A more formal definition of completeness is as follows:
Given a complexity class $C$ which is closed under reduction $r$, if there exists a problem $A$ in $C$ such that all other problems in $C$ are $r$-reducible to $A$, $A$ is said to be C-complete.
For example, an NP-complete problem is in NP, and all problems in NP are Karp-reducible to it. The notions of PSPACE-completeness and EXPTIME-completeness are similarly defined under Karp-reductions.
The role of reductions in this context can be understood through P-completeness. Consider any non-trivial decision problem in P (trivial problems are akin to constant functions). Every other non-trivial decision problem is Karp-reducible to it. Therefore every non-trivial decision problem is P-complete under Karp-reductions. This definition is essentially the same as P (minus the empty language and $\Sigma^*$). Therefore, we come to the following conclusion:
Under Karp-reductions, the notion of P-completeness is semantically useless.
Therefore, we use weaker forms of reductions such as logspace reductions or reductions using constant depth circuit computable functions to achieve a more meaningful notion of P-completeness.
Self reducibility
Decision problems are yes/no problems where we ask if a solution exists. However, sometimes we also want to solve the corresponding search problem to find a solution (if one exists).

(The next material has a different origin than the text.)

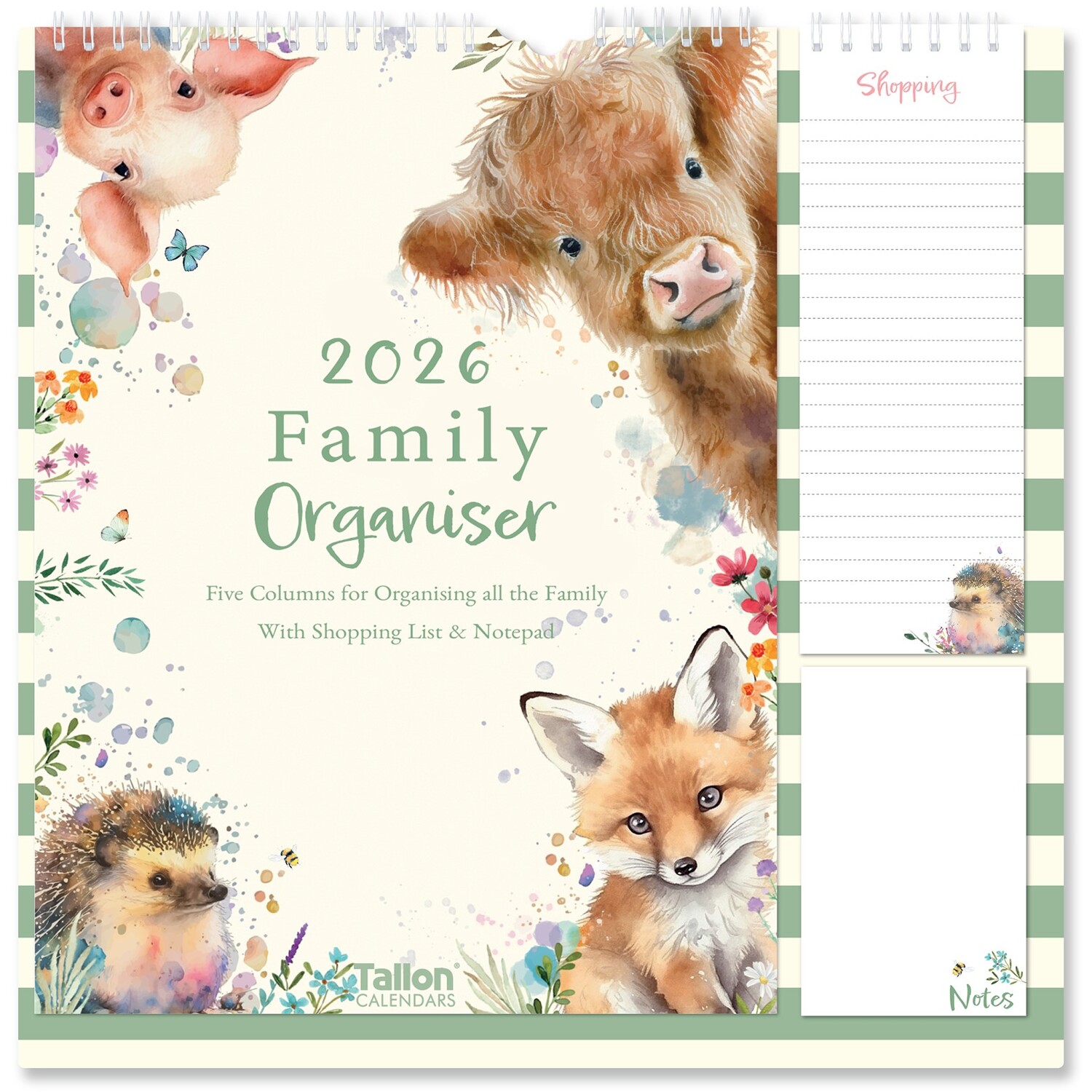 2026 Animal Illustrated Family Organiser Cream Image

In the context of languages in NP, self-reducibility essentially states that if we can efficiently solve the decision version of a problem, we can also efficiently solve the search/optimization version of the problem. A more formal definition would be as follows - the search version of a problem Cook-reduces (polynomial-time Turing-reduces) to the decision version of the problem. Every NP-complete problem is self-reducible and downward self-reducible.
Conclusion
This write-up aims to demystify a core technique used in theoretical computer science and provide a few contexts for its usage. For a more rigorous and formal introduction to this topic, please check out Michael Sipser’s excellent book “An Introduction to the Theory of Computation.” There are many more things to say about reductions, and this article barely scratches the surface on any of the topics it touches. However, I feel it would be prudent to stop at this point before it becomes any more of a rambling mess than it already is.